Our mcp_scanner.py script contains an exhaustive list of over 100 Shodan filters, developed through an iterative process of research and refinement. Our key fingerprinting categories included:

  • Protocol Name & Markers: The most direct method involves searching for the literal string "Model Context Protocol", or key components of its language like "jsonrpc": "2.0" and "method": "initialize". These are strong indicators because they are part of the protocol's formal specification. Any compliant server should exhibit these characteristics.
  • Transport Layer Detection: A more subtle, but powerful, technique is to look for SSE headers. We covered this in our previous blog. The Content-Type header for SSE is text/event-stream. By itself, this filter is broad, but when you chain it with others—for example, http.html:"mcp" content:"text/event-stream"—you start to zero in on targets that not only use the right transport but also mention the protocol in their content.
  • Common Endpoint Paths: We leveraged Shodan's ability to index HTML content to search for links and forms pointing to common endpoints like /mcp, /messages, and /api/mcp. A server might have a generic homepage, but if that page contains a link to /mcp/sse, it's a huge clue.
  • Framework & Implementation Detection: This technique looks for the fingerprints of the tools used to build the MCP server itself. For example, a server that returns a Server: uvicorn header is almost certainly running a Python application using the FastAPI or Starlette frameworks. If that same server's banner also contains MCP keywords, we can be highly confident that we've found a Python-based MCP implementation. This helps us understand the underlying tech stack, which can hint at common misconfigurations or vulnerabilities associated with that framework.

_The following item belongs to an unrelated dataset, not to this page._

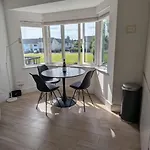 Lägenhet Large Newly Updated 3bd Duplex 20min To Airport *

The Moment of Truth: From "Maybe" to "Definitely"

The output from our Shodan scanner was a massive, noisy list of potential targets. The next, and most critical, phase of our research was to move from "maybe this is an MCP server" to "this is definitely an MCP server." 

This is where our vibe-coded tool, mcp_func_checker.py, came into play. Its job was singular: take the list of potential targets and attempt to have a polite, protocol-compliant conversation with each one to confirm its identity. We followed a strict, multi-step procedure designed to build an undeniable case without causing harm.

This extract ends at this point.